Do you still believe in Baltimore?

The 200th anniversary of the War of 1812 is upon us here in Baltimore.

The tall, wooden sailing ships of many nations are in the harbor, decked out like peacocks for the celebration.  The war brought to eminence American naval prowess against the British and opened the path of expansion for this nation in our many times cruel and unbridled march to the Pacific coast.

The war also signaled to the Europeans that indeed, the U.S. was going to do things its own way, not theirs.   That the Native American culture and people who once populated this land would be all but annihilated in the march was, in its time, a small price to pay for those who believed in the American republic.  Dishonorable and murderous behavior be damned they thought, for we are the Americans and we have an edict under Providence!

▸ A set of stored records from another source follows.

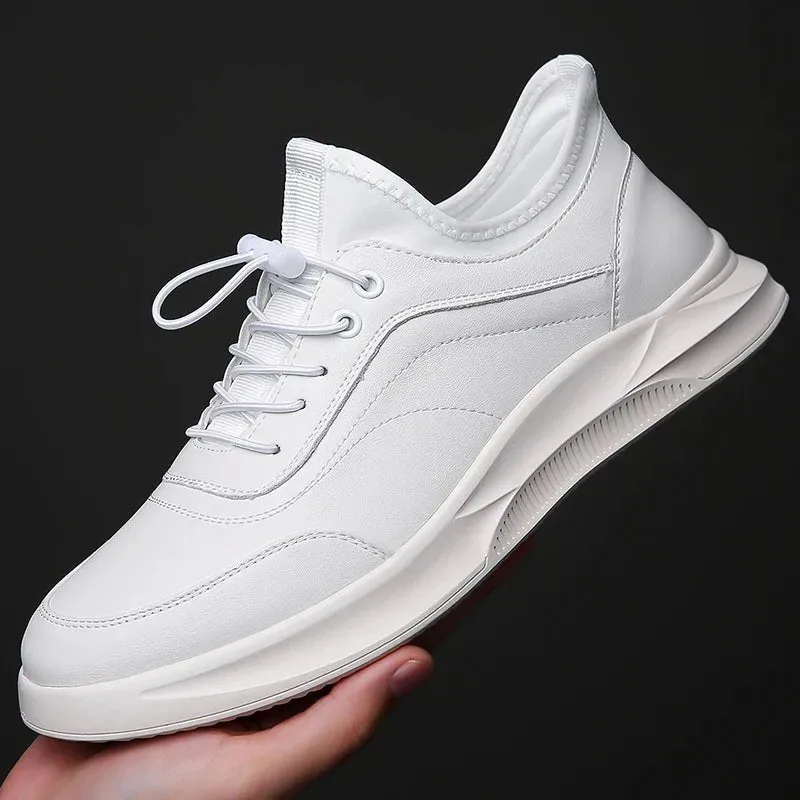 Brooks™ - Timeless Leather Sneaker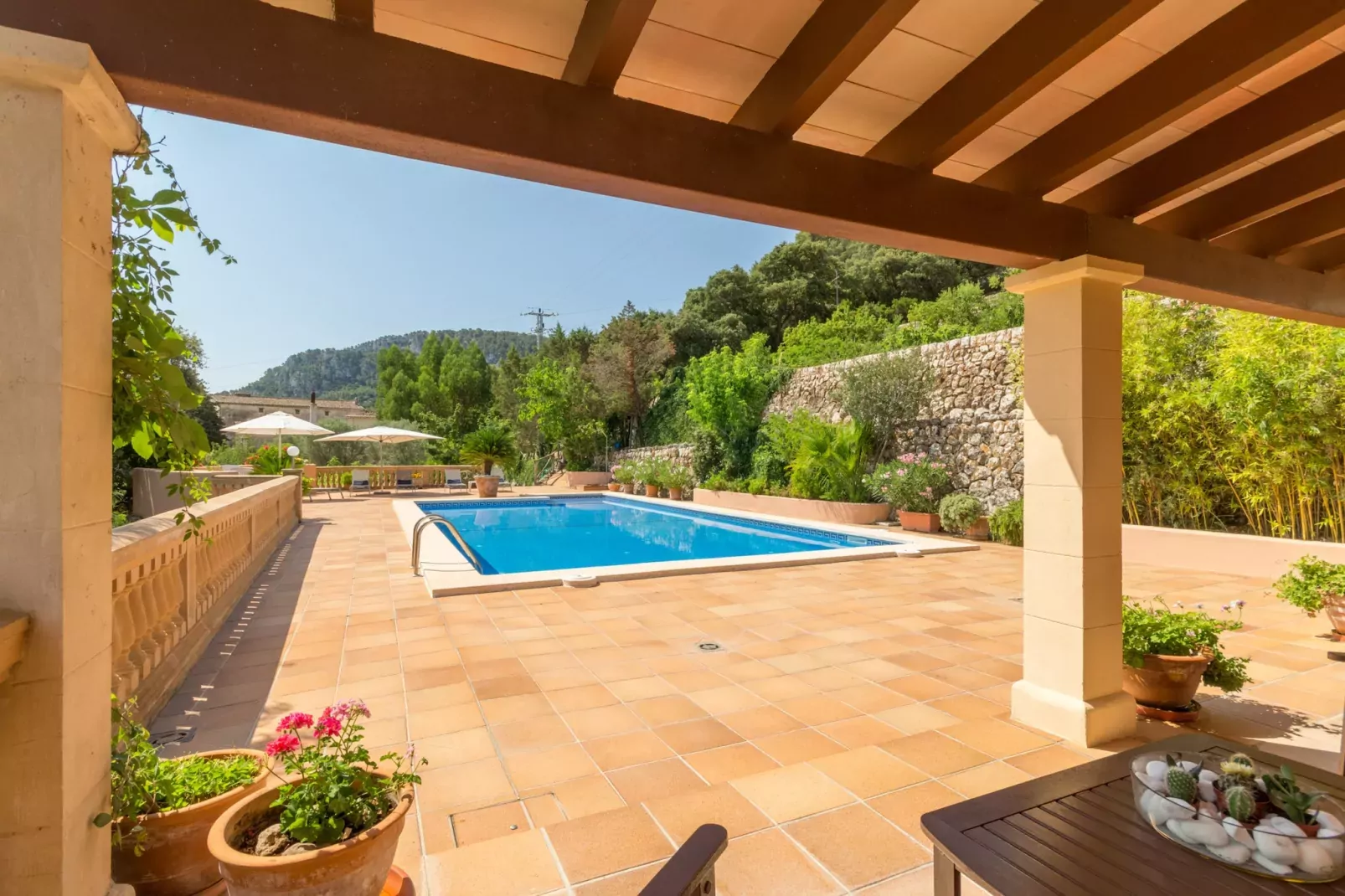 Aire Can Pieres, Finca 5StarsHome Mallorca-Terras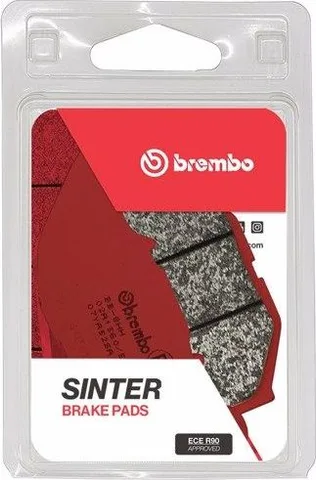 Pastillas freno Brembo sinterizadas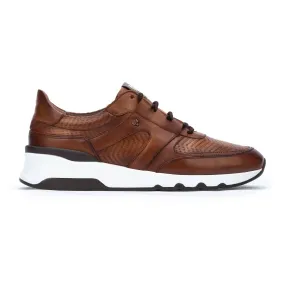 Leather Newport Sneaker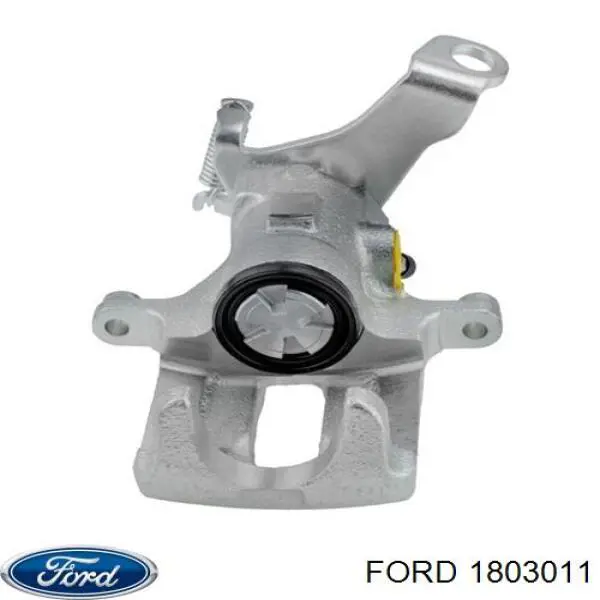 Суппорт задний левый 1803012 Ford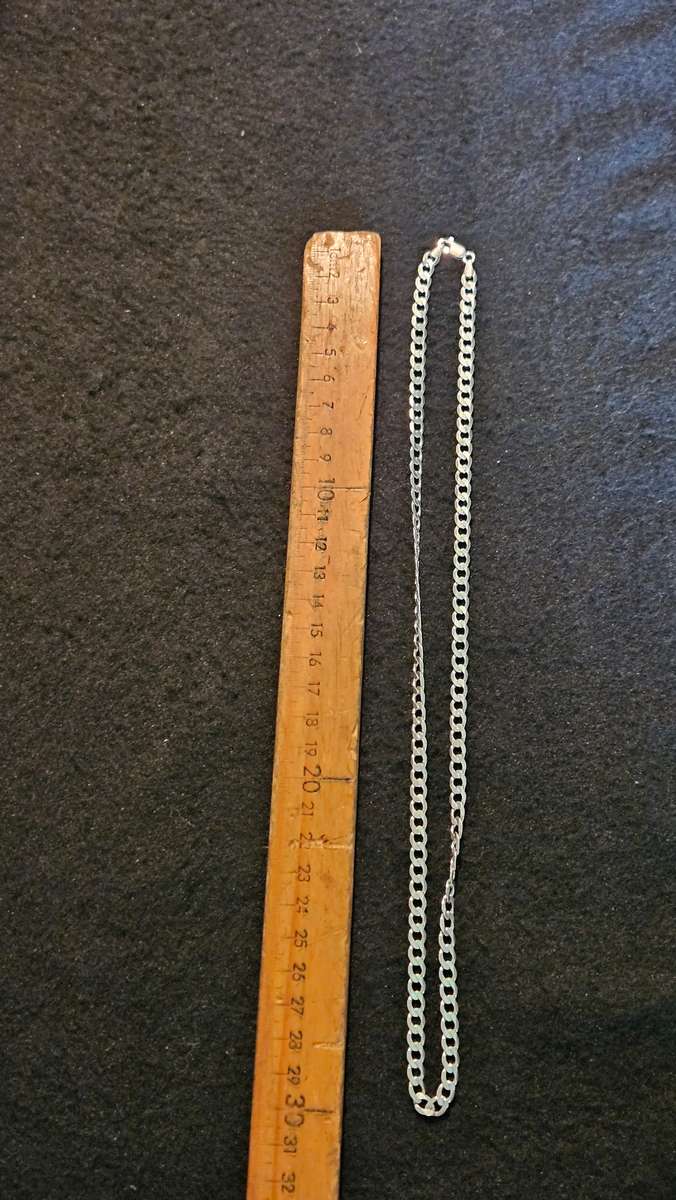 Pablo's Silver 925 Necklace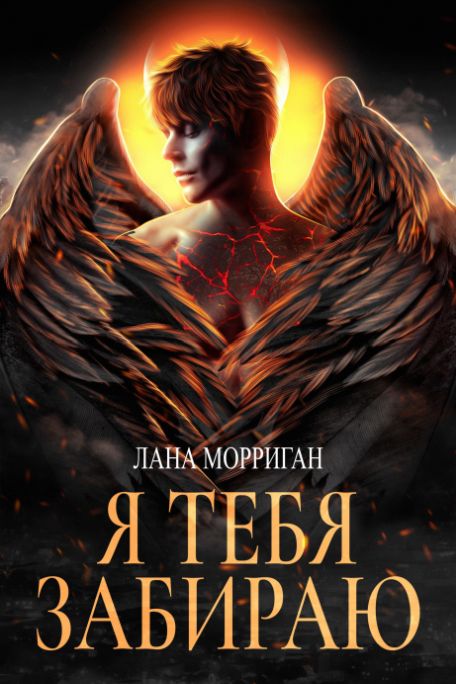 Я тебя забираю - Лана Морриган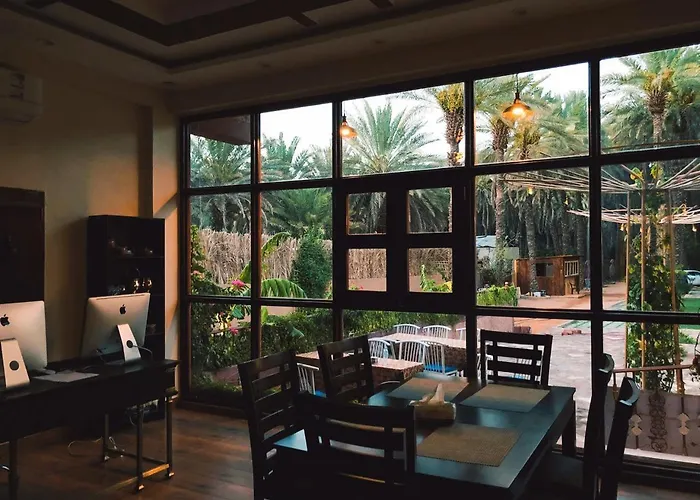 Mabiti Hotel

It may be hard for us to think in terms as those set out by our ancestors of the 19th century.  Still, we must.  It may also be wise to take a moment and look at what this ‘rights of the individual without King’ nation was in 1812.

In 16 states, there were 7.2 million Americans and almost 1.2 million of us were slaves.  Half of us, women would not get the vote for more than 100 years to come while landless white men had only recently gotten that right.  The Civil War and Emancipation were still 50 years in the future as was the onset of waves of immigrants, by the millions, from a much poorer Europe.  To some, the world of 1812 was the ideal America.  For others, it was but a baseline of things to come in that linear yet inexact work of creating a ‘more perfect Union’.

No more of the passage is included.